§ WHAT IS BEING ASKED:
The line with "Heart Owned by" and each line following it, up to the final line of the data, should be set down exactly; pictures stay out.
=====
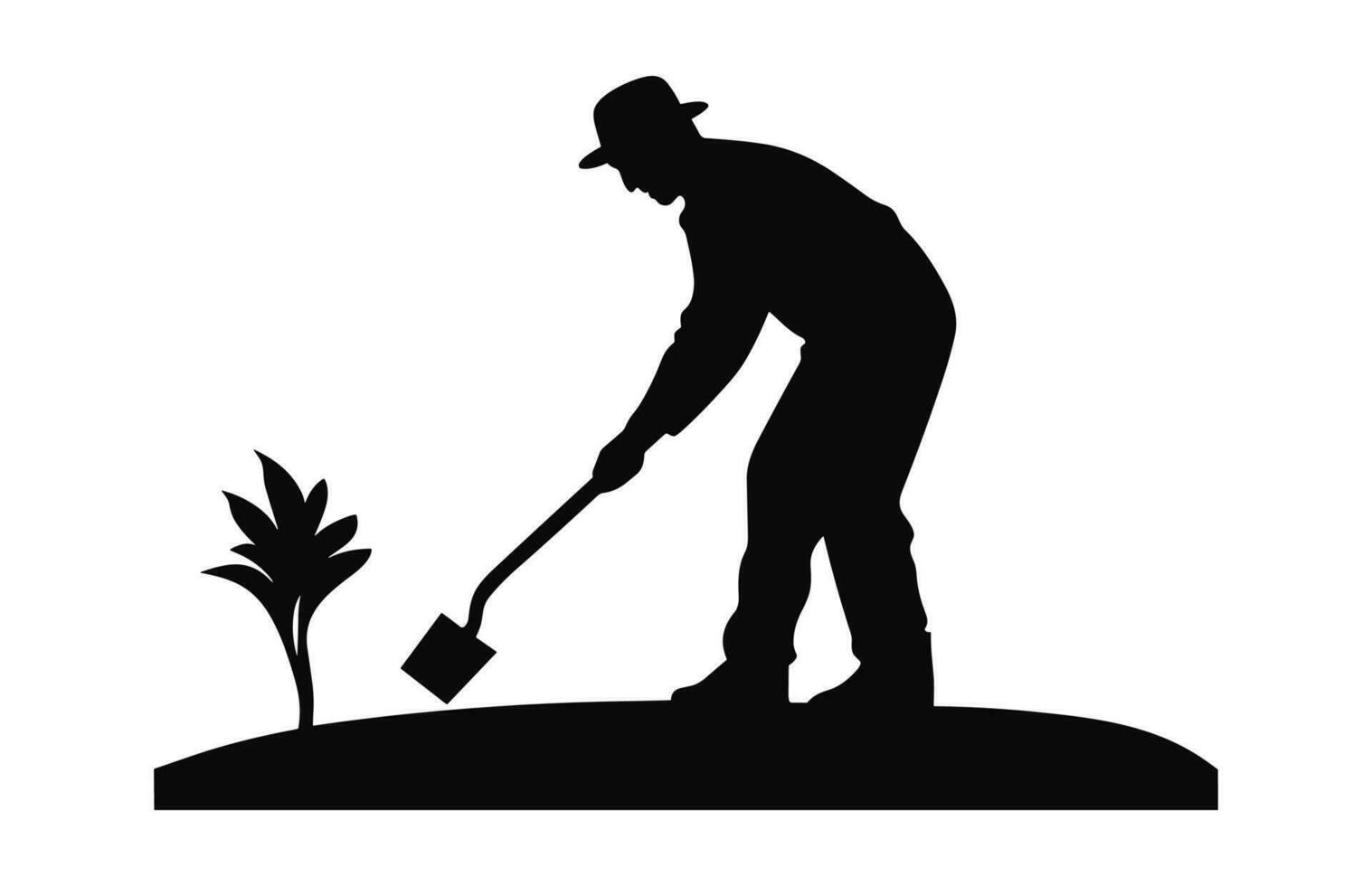 une jardinage silhouette, une jardinier noir vecteur isolé sur une blanc Contexte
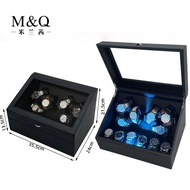 MELANCY brand fully automatic watch winder snakeskin style 3+3/6+6 slot blue LED light + cover opening emergency stop function automatic winding deviceMQ-P3+3/6+6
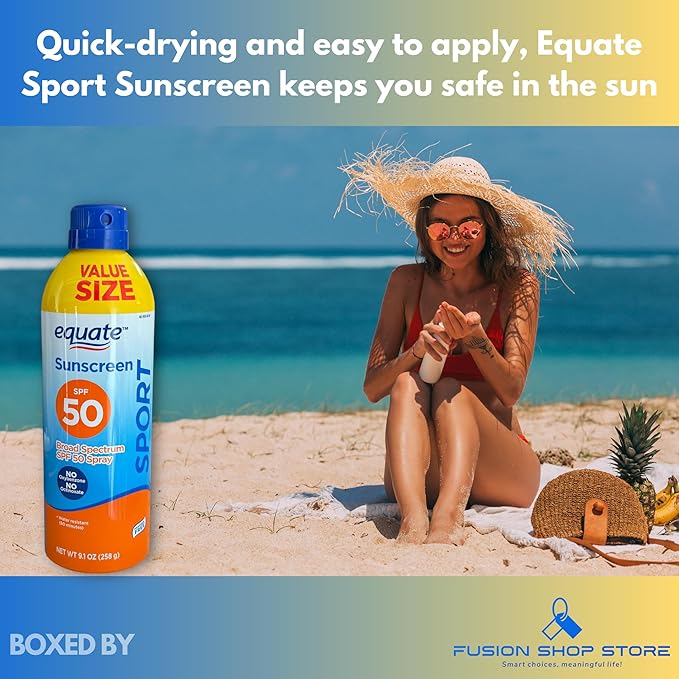 Sunscreen SPF 50- Value size Sport Broad Spectrum Spray, 9.1 oz (Pack of 1), Boxed By Fusion Shop Store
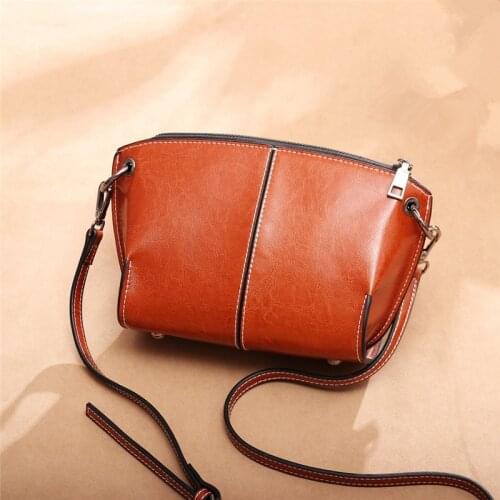 Women Messenger Bags Vintage Mini Bag High Quality Genuine Leather Small Shoulder Crossbody Bags Designer Handbag 2021 Shell Bag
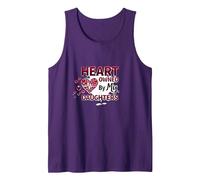 Heart Owned by My Daughters Loving Parent Gift Tank Top, Men, Purple, M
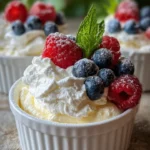 Frozen Limoncello Ricotta Cream cups served in elegant dishes.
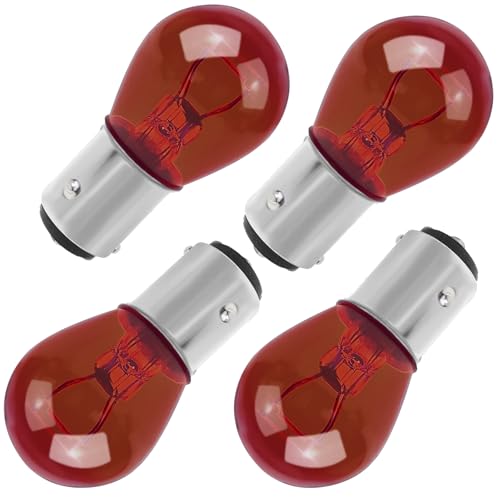 Shaobrc 4 Pcs 1157 Bulb Car, Brake Light Bulb Replacement, Stop Light Bulb for Car, Tail Lights Bulbs, 1157 Amber Bulbs, 12v (Red)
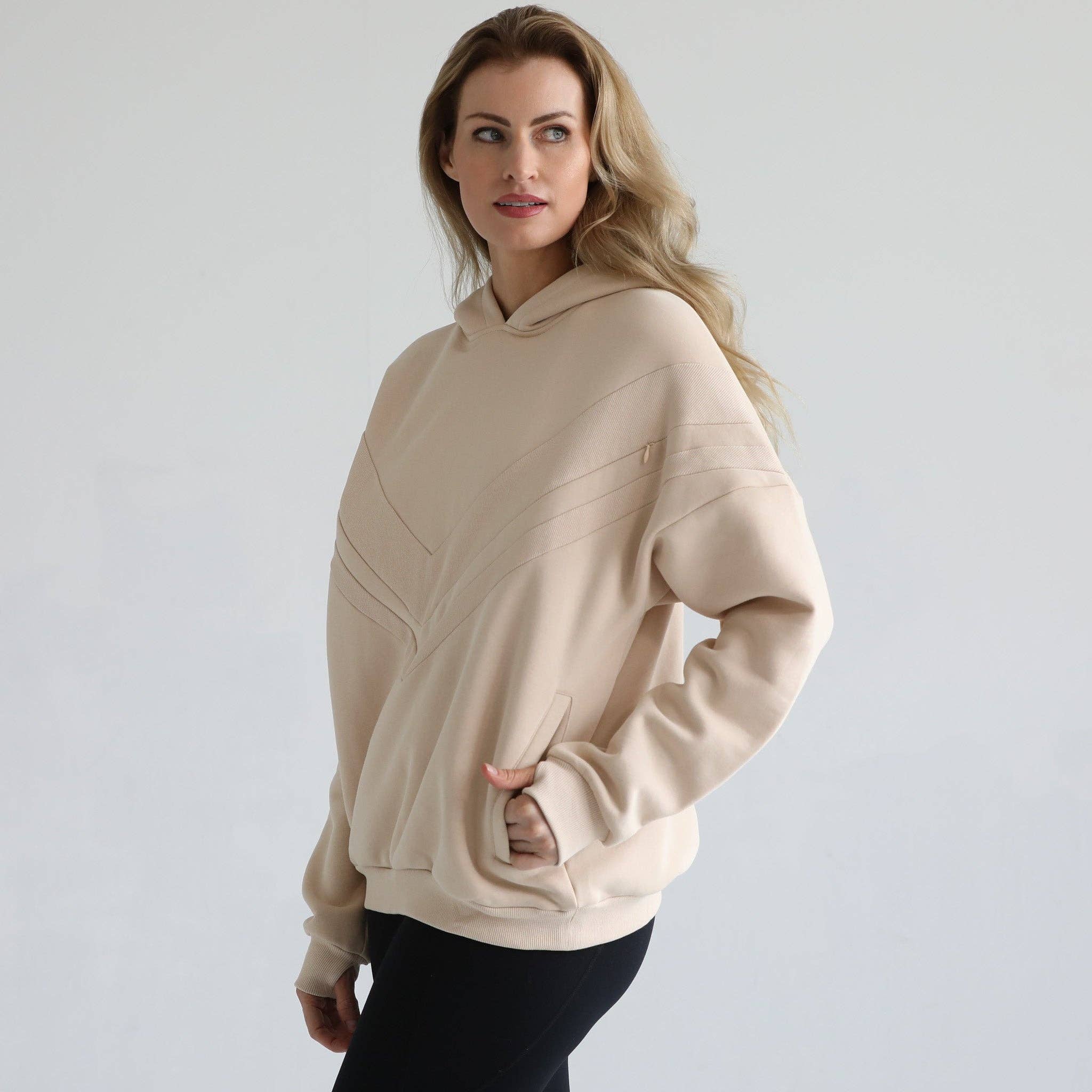 Oatmeal Isabella Ultra Soft Oversized Nursing & Pregnancy Hoodie (Oatmeal) for wholesale on Faire0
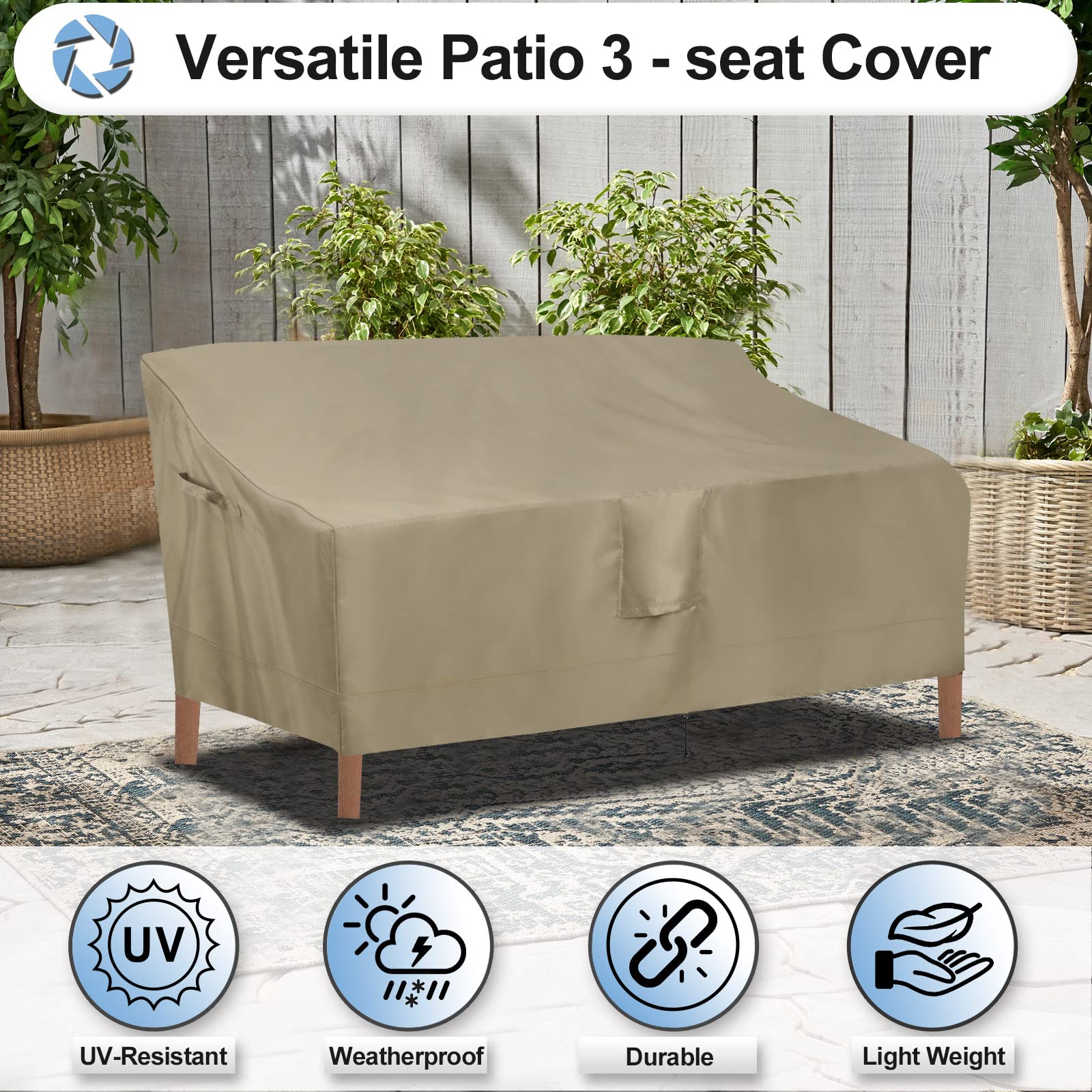 Outdoorlines Outdoor Waterproof Patio 3-Seater Couch Cover - Uv Resistant Patio Sofa Furniture Covers Weatherproof Heavy Duty Glider Covers For Outdoor Furniture, 88Wx32.5Dx33H Inches, Camel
=====
§ SOLVED PROBLEM:
 Heart Owned by My Daughters Loving Parent Gift Tank Top, Men, Purple, M
 Frozen Limoncello Ricotta Cream cups served in elegant dishes.
 Shaobrc 4 Pcs 1157 Bulb Car, Brake Light Bulb Replacement, Stop Light Bulb for Car, Tail Lights Bulbs, 1157 Amber Bulbs, 12v (Red)
 Oatmeal Isabella Ultra Soft Oversized Nursing & Pregnancy Hoodie (Oatmeal) for wholesale on Faire0
 Outdoorlines Outdoor Waterproof Patio 3-Seater Couch Cover - Uv Resistant Patio Sofa Furniture Covers Weatherproof Heavy Duty Glider Covers For Outdoor Furniture, 88Wx32.5Dx33H Inches, Camel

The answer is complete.